Then if you want more carcass improvement you can experiment with changing your methods of raising the lambs i.e. creep feeding, changing grain or supplements, etc.  

With our Dorsets I had to use a special lamb grower ration in the creep.  With the Dorpers I was able to downgrade to a simple rolled barleycorn.   With Angel I lost my creep for a while since she was in it and when she started playing with the lambs I had to block off the creep.  Luckily that was my Dorper year so there was not too much problem with weight gain.    This year I will have changes again since I have more ewes and rams to move around, groups of ewes lambing at different times, different ages of lambs to grow out separately, and will be comparing rate of gain, etc. to any new changes in my practices and feeding.

You mentioned wanting to keep track of weights.  The cheapest way to weigh when the lambs are young is with a sling hanging scale.  I did a lot of research after the 3 previous hanging scales purchased from 3 different livestock catalogs broke in the first year.  The scale I use now was originally made for hunters to weigh deer carcasses.  It weighs up to 600 lbs.  It is made by Crane.  You can get them that weigh more but most people use a hoist with those.  DS1 is my hoist.  It had excellent reviews from hunters weighing dear and elk successfully, and also had reviews from ranchers weighing lambs, goats, and calves.  We really like it.  It is heavy duty.  I think I already had this sling from the previous sling scales I was using.  Slings are easy to make or find online.
  

Check around on line.  I got the blue  one since it was cheaper than the same model in orange!  LOL  On another website the blue one was more $$$.  Go figure.   Weighting up to about 50 lbs. on a hanging scale is not hard with 2 people.   

Anyway, I like weekly weighing as a tool to check weight gain and lamb progress.  Any ewe that does not produce lambs that gain properly is culled.  Remember that weight gain is not static.  Weights increase rapidly when lambs are very young, then tend to slow down as they reach maturity.  The goal with using scales and weight is to monitor lambs for optimum gain to slaughter weight.  You do not want to gain too slowly and feed longer when raising commercial lambs.  Extra $$$ spent on longer feeding times = less gain in your pocket.  Extra $$$ spent on expensive supplements = less gain in your pocket.  We don't make money here because we have to carry too much purchased feed, but that makes it even more important to keep track of the bottom line.

 I learned to use weight gain as a tool in 4-H since you want a steady gain up to Fair time.  Too slow and you have to push the animal and hope for the best.  Too fast and you have to cut feed with oats for a slowdown.  This is bad if you find out just before Fair that you need to do either one.  We have done both before we got our first scale and started weighing.  You want your fair animal to look fresh and an animal that has been held not to gain looks stale.  Ideally you watch your weight gain to hold early for a few weeks then allow to gain to Fair time.  If trying for more gain, you can push earlier to avoid founder or digestive upsets which set the animal back even farther.  

OH NO!  Fun times are over - record keeping begins!!!


----------



## Baymule (Nov 25, 2019)

That is a great suggestion on the carcass grading.

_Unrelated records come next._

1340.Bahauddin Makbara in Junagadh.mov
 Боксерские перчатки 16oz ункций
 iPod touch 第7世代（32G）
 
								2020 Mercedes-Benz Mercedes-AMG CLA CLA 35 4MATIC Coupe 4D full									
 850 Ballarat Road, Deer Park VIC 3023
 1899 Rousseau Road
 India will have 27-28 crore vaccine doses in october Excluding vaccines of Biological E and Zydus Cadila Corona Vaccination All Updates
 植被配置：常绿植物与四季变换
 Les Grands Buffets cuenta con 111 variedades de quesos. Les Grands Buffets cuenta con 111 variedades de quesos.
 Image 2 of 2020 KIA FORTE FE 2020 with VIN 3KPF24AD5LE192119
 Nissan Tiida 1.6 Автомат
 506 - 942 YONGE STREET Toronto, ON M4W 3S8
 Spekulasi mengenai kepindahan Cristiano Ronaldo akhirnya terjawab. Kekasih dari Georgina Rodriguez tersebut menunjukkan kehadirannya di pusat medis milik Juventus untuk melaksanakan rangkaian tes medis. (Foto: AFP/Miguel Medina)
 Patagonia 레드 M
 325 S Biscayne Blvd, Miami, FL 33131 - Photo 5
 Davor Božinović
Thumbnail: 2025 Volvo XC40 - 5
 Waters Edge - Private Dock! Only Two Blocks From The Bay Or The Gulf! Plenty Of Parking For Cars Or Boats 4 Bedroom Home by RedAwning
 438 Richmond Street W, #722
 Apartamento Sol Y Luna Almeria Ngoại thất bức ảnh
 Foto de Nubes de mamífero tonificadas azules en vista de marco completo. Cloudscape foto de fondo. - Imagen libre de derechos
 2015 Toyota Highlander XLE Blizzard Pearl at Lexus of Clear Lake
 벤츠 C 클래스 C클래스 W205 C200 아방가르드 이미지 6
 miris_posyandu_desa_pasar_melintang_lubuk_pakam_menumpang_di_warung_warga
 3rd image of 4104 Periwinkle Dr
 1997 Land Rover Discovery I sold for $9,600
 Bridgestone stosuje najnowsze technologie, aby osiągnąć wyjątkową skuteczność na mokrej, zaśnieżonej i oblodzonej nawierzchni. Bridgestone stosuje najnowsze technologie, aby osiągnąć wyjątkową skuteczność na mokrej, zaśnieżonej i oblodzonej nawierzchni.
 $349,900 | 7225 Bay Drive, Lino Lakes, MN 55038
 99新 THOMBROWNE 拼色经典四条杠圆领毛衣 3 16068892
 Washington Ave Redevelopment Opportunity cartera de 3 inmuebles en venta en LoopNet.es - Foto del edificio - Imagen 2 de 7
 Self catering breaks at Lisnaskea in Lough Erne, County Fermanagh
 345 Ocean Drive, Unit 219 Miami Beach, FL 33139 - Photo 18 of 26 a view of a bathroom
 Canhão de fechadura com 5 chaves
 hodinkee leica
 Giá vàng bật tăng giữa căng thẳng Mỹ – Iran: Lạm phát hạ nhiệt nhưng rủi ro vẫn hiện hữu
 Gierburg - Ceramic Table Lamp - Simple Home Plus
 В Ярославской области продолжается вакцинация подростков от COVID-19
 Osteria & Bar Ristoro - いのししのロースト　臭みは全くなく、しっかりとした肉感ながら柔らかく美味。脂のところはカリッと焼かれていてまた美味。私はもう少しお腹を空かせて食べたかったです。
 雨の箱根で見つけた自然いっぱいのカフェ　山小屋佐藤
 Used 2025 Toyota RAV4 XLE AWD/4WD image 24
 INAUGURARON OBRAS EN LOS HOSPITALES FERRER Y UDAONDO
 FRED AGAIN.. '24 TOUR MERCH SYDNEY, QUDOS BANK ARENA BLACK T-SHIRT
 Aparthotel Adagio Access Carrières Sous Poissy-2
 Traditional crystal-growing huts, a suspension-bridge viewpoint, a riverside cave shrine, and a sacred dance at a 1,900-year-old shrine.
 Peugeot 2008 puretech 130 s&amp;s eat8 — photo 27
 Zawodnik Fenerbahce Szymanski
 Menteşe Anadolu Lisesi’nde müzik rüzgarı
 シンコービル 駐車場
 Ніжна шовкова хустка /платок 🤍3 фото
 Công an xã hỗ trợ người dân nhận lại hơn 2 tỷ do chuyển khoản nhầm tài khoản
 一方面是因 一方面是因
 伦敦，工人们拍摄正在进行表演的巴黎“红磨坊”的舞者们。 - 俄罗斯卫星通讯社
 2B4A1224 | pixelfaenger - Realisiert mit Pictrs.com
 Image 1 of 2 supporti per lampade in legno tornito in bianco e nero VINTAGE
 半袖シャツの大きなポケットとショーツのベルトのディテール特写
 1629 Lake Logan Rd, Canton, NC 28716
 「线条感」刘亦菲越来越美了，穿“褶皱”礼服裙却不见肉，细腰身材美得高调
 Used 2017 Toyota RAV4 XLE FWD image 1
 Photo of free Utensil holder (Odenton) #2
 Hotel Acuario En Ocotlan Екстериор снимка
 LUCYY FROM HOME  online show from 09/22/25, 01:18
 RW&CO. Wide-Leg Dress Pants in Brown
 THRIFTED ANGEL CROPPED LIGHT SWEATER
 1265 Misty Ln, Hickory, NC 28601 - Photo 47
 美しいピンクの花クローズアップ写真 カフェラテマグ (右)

I will ask the butcher, he was cutting today. This batch is the progeny of the not so great Dorper. All lambs on the ground now are Ringo's. The afore mentioned cull ewe with the hump back will go to slaughter, her twin ewe lambs are small, not growing well, so there is another reason for her to go. 

I like the suggestion on the sling and hanging scale. I'll have to look into that. I'm taking a stab in the dark because i don't know their weights. The slaughter house I am using doesn't have a live weight scale, so I can't figure live weight to hanging weight ratio. With no scale here I can't see their weight gain. Frustrating!


----------



## Ridgetop (Nov 25, 2019)

Guessing - BAD!  
Weighing - GOOD!  
 
You will find that when their weight gain slows down to .5 lbs. ADG you need to monitor them carefully.  Carrying lambs past their optimal weight gain just to put a couple extra pounds on them over a few extra months is a money waster.   Although you are planning to keep them on pasture, you have limited space and can't afford to waste grass on lambs that are not gaining well.  I think you will see a big difference in the lambs from Ringo.  Size and weight can be deceptive so make weight, and the amount of meat you can feel on the lambs' bodies, the key to when to slaughter.   A smaller looking lamb with a tremendous leg and loin will weigh heavier than a tall lanky lamb.  That wool covers a lot.


----------



## Baymule (Nov 26, 2019)

Don't I know it (now)! Enter exhibit humpback ewe.

​


----------



## Ridgetop (Nov 27, 2019)

LOL  We all have to learn!  I have 30 years experience on you and am still learning.

Happy Thanksgiving!!!


----------



## Baymule (Nov 28, 2019)

Happy Thanksgiving y’all!


----------



## frustratedearthmother (Nov 28, 2019)

Happy Thanksgiving day backatcha!


----------



## Baymule (Dec 1, 2019)

We picked up meat on Friday. We had 2 customers waiting, both came to the farm and picked up their order. One is a chef, cooking it for his parents. His Dad works at Lowes, where we met him and he told us how much he liked lamb. 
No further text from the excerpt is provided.